離婚後に親権者を調停の申し立てなしで変更できる場合がある
例外として、調停の申し立てをせず父母の話し合いだけで親権者を変更できる場合があります。
話し合いだけで変更できるケースは以下のとおりです。
- 離婚後に生まれた子どもを父親が親権者になる場合
- 子どもを認知した父親が親権者になる場合
通常、離婚後に生まれた子どもの親権者は母親になります。父母の合意のうえ父親が親権者になる場合、家庭裁判所の手続きは不要です。
また、未婚の女性が出産したケースでも親権者は母親になりますが、父親が認知し、父母が合意すれば親権者を父親に変更できます。この場合も家庭裁判所での手続きは必要ありません。
ただしどちらのケースでも、父母の間で合意できなければ通常どおり親権者変更の手続きが必要です。
離婚後に親権者変更が認められやすいケース
「親権者変更調停」を行っても、必ずしも主張が認められるとは限りません。しかし、中には親権者の変更が認められやすいケースもあります。
ここでは、変更が認められやすいケースについて解説します。
- 子どもが親権者から虐待や育児放棄(ネグレクト)を受けている
- 親権者が重篤な病気に罹患したり障害者になったりしたことで、子どもの監護が不可能になった
- 親権者が亡くなり、子どもを監護する人がいなくなった
- 15歳以上に成長した子どもから親権者の変更希望があった
- 親権者の海外転勤や家出などにより、子どもの監護が難しい状態になった
子どもが親権者から虐待や育児放棄による被害を受けている
子どもが親権者から虐待や育児放棄(ネグレクト)を受けているときは、親権者変更が認められる可能性が高いです。虐待や育児放棄が事実なら、少しでも早く子どもを現状から救い出し、健全な生活・育児が可能な環境に移すべきであるためです。

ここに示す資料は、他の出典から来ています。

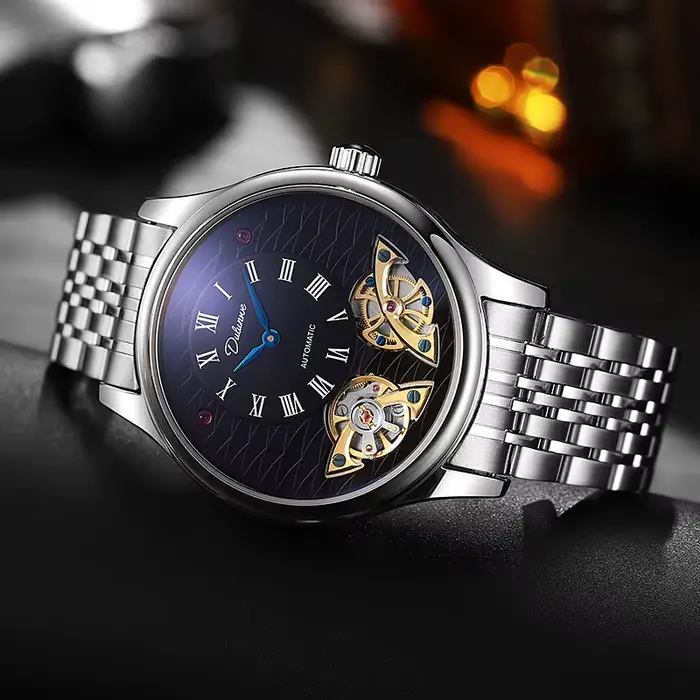 Nouvelles montres pour hommes Tourbillon montre mécanique creuse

離婚時は子どもをしっかり養ってくれると信じて託し、託された側も親権者として子どもを養育していく意思があった場合でも、以下のような事情から虐待や育児放棄が起こる可能性はあります。
- 親権者に恋人ができ、子どもが邪魔になった
- 1人で子どもを育てていくことに疲れて育児をする気力がなくなった
親権者に恋人ができたことがきっかけで虐待・育児放棄に発展するケースは少なくありません。親権者が子どもに対して手を上げる場合もありますが、親権者の恋人から虐待されるケースもあります。
また、日々の疲れが育児放棄につながることもあります。
このような事情があると、子どもにとって適切な監護を受けているとはいえません。親権を希望する親が育児環境を整えられれば、親権者の変更が認められやすくなるでしょう。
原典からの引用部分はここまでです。